Question : Que nous conseillez-vous de faire lorsque la guerre éclatera?

Krishnamurti : Au lieu de chercher des conseils, puis-je vous suggérer que nous examinions la question ensemble? Parce qu’il est très facile de donner des conseils, mais cela ne résout pas le problème, tandis que si nous examinons le problème ensemble, peut-être serons-nous capables de voir comment agir lorsqu’une guerre éclate. Cela doit être une action directe, non une action basée sur l’avis de quelqu’un ou sur une autorité, ce qui serait trop stupide dans un moment de crise. Dans les moments de crise, suivre quelqu’un nous mène à notre propre destruction.
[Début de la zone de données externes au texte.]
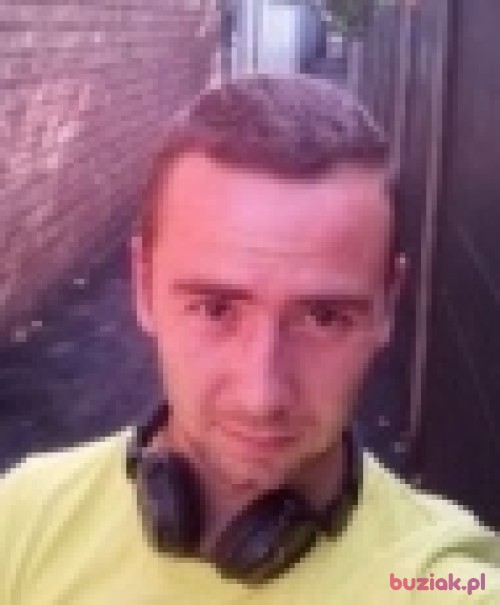misko89, Mężczyzna, 36 lat, Bielsko-Biała
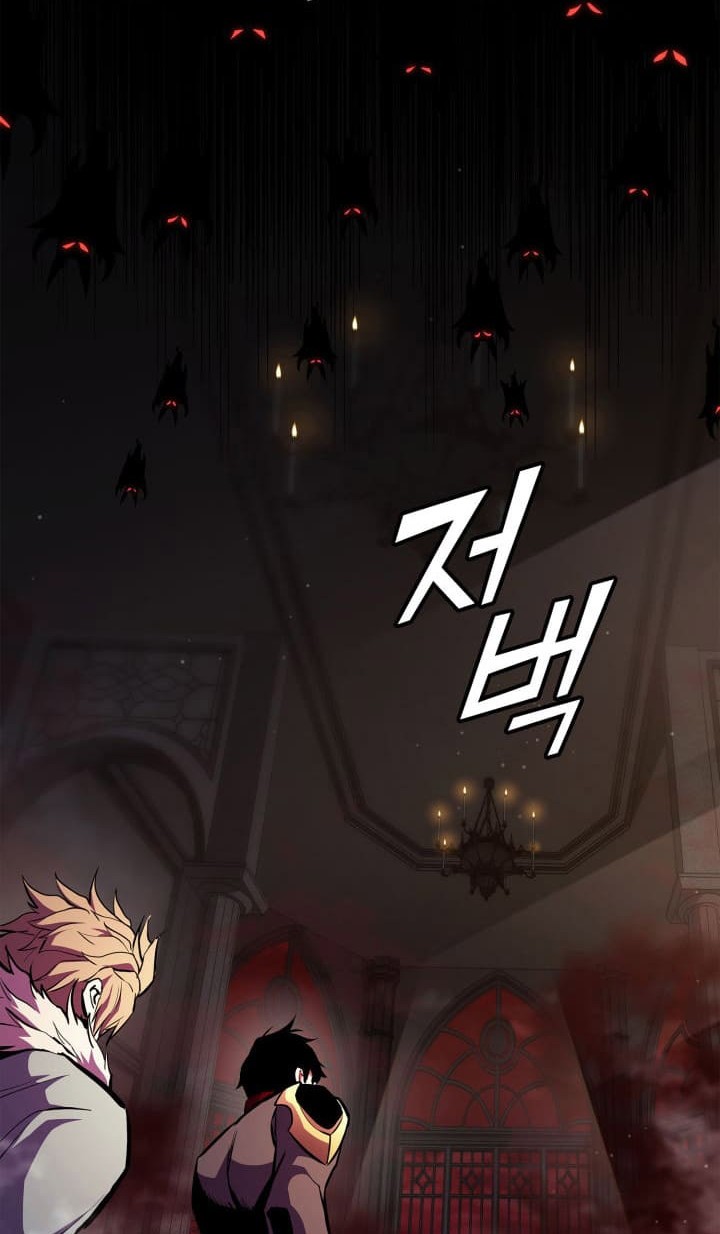 Chapter 168 - halaman 28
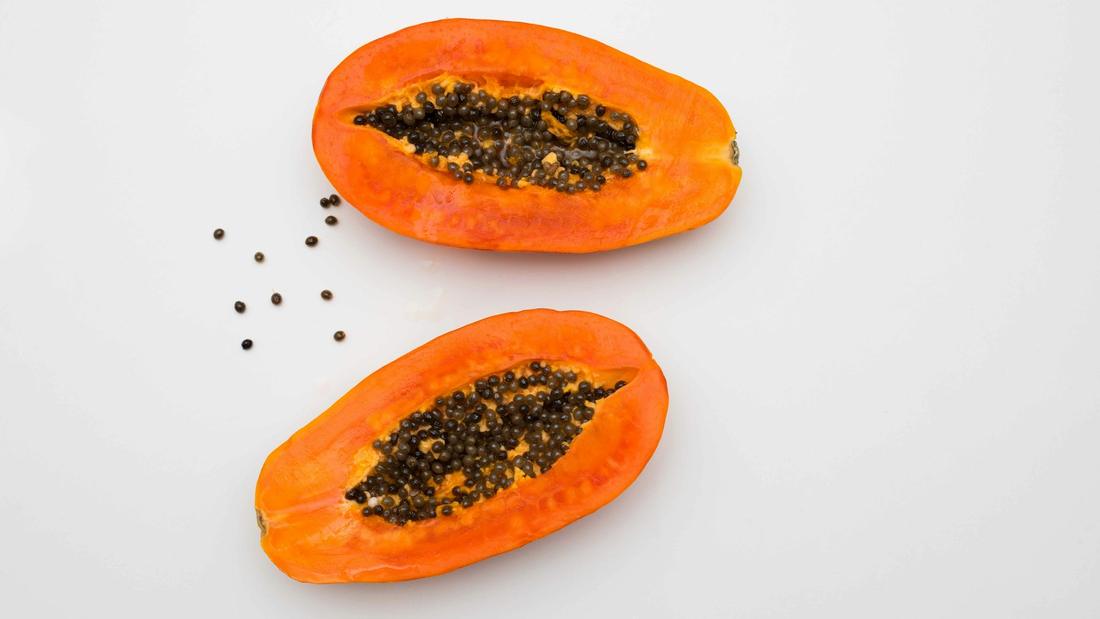 Papaya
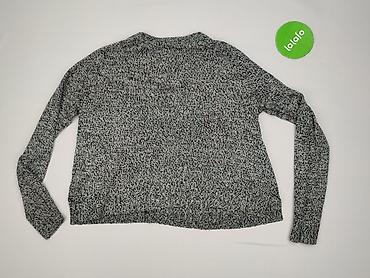 divided kurtka: H&M Divided, Sweter damski, rozmiar XS — 3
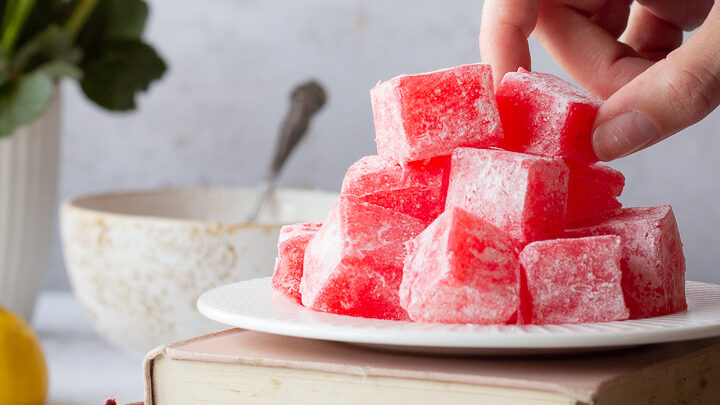 https://kitchenmason.com/wp-content/uploads/2021/08/Easy-Turkish-Delight-Recipe-Update-SQUARE2-720x405.jpg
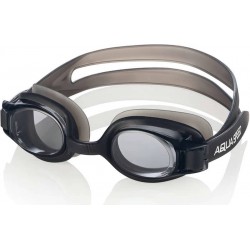 Окуляри для плавання Aqua Speed Atos чорний, код: 5908217628893 Окуляри для плавання Aqua Speed Atos чорний, код: 5908217628893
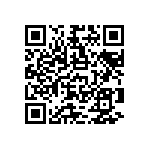 RNC55H1404FSB14 QRCode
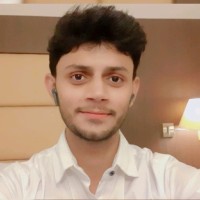 Ashish Singh Rajput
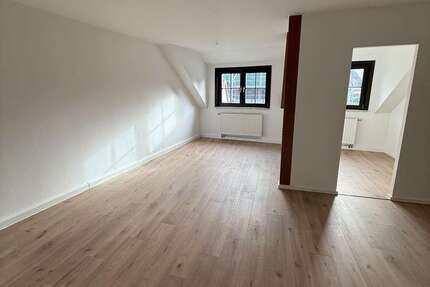 Wohnung Kahla - 2.5 Zimmer, 68 m&sup2;, 620&euro; | Angebot:26856493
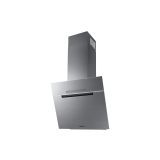 POŠEVNA STENSKA NAPA SAMSUNG NK24M7070VS/UR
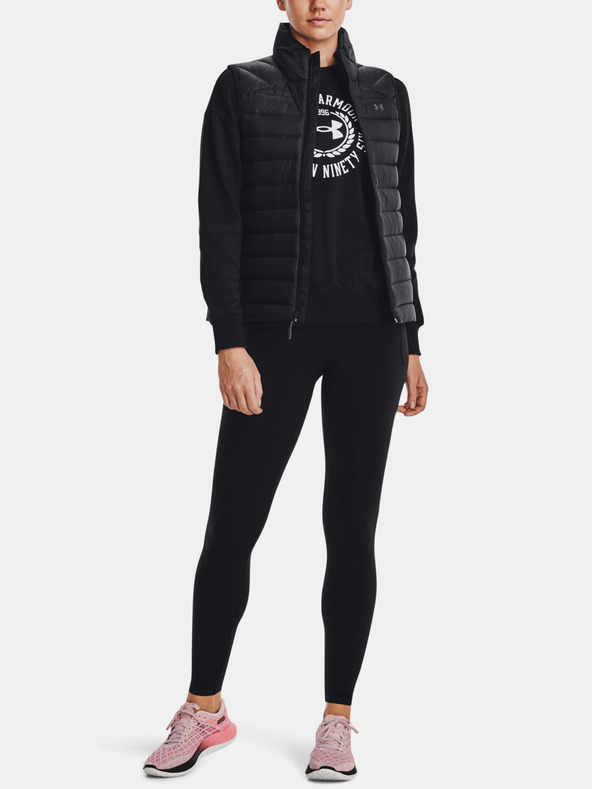 Under Armour Női mellény Under Armour Storm Down 2.0 Storm Vest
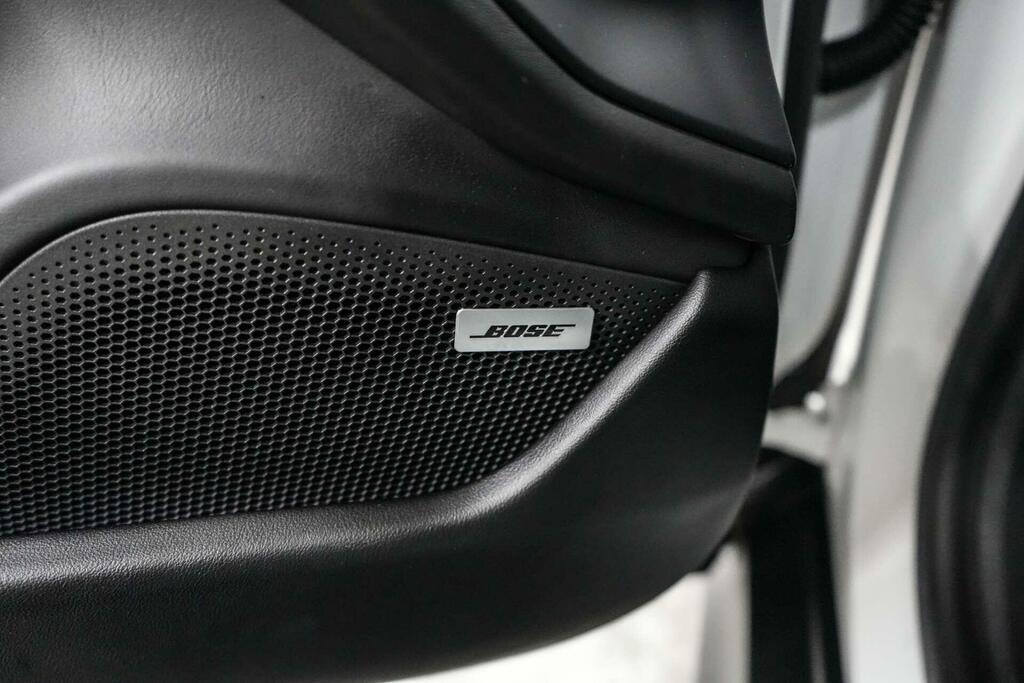 Porsche Taycan 0.0 4S 93Kwh 563 Bhp Grey #19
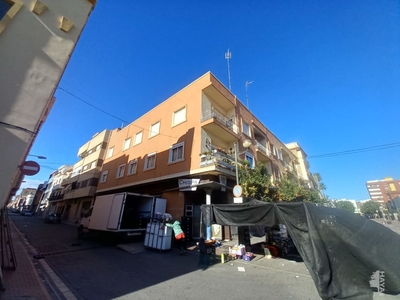 Piso en venta en Progreso, 2º, 46520, Sagunto (Valencia)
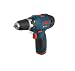 Bosch PS30-2A 12-Volt Max 3/8-Inch Drill Driver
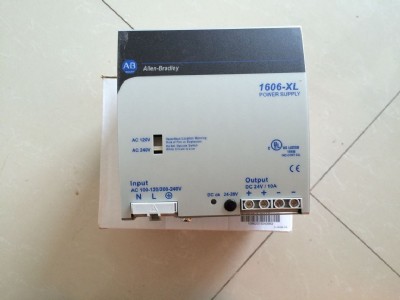 AB_PԴ1606-XLE120EE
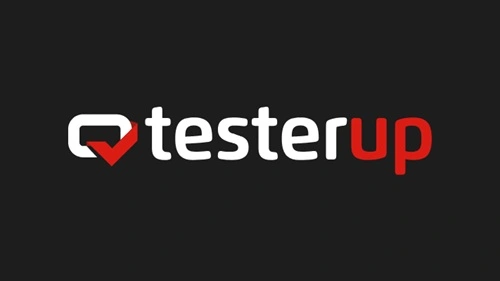 Testerup 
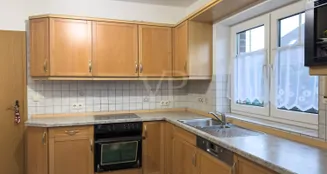 von_poll_real_estate_property_25026052_image_7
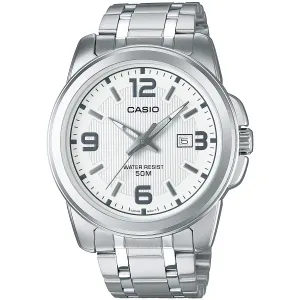 Мъжки часовник CASIO COLLECTION MTP-1314D-7A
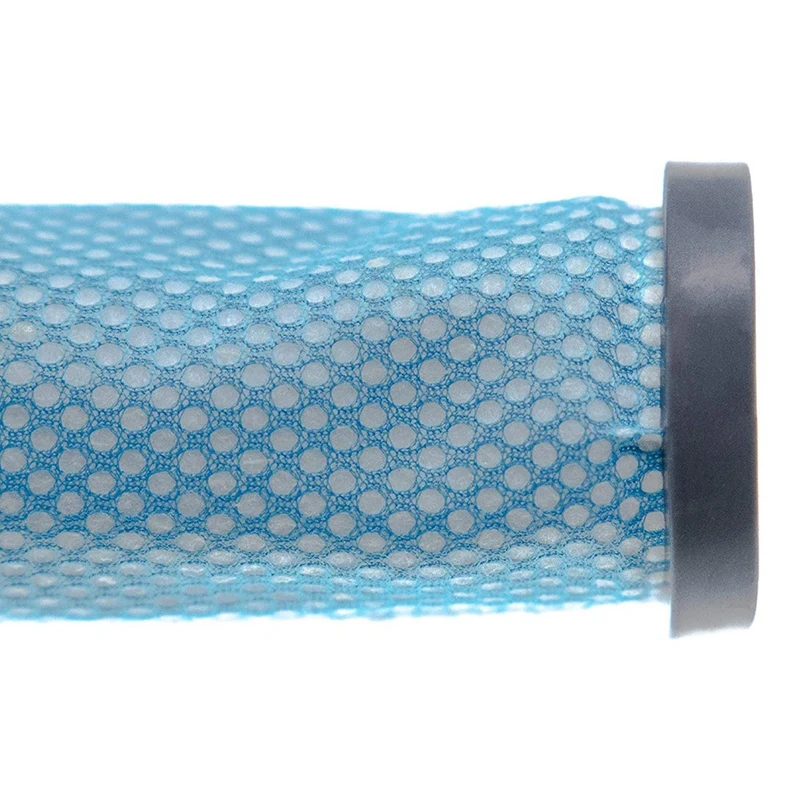 ABBR 2-delige filters voor Hoover T114 35601872   Stofzuiger Hoofdfilter Accessoires Reinigingsgereedschap Vervangende onderdelen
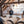 Load image into Gallery viewer, 2027 I STORK CLUB Whiskey I Destillerie Führung &amp; Whiskey Tasting (SEPTMEBER, OKTOBER, NOVEMBER, DEZEMBER)
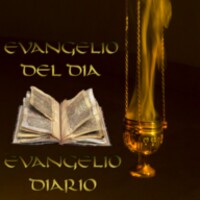 Evangelio del Día app icon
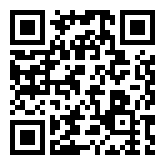 http://www.we-box.cn/index.php/post/455.html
Après tout, dans des moments critiques, comme une guerre, vous êtes menés à la destruction ; mais si vous connaissez toutes les implications de la guerre et voyez son action, comment elle prend naissance, alors lorsque la crise arrive, sans chercher des conseils, sans suivre qui que ce soit, vous agirez directement et avec vérité. Ceci ne veut pas dire que j’essaye d’éviter le problème en ne répondant pas directement à votre question. Je ne l’esquive pas : au contraire, je montre que l’on peut agir vertueusement – ce qui ne veut pas dire avec une armature de vertu – lorsque cette effroyable catastrophe arrive aux hommes.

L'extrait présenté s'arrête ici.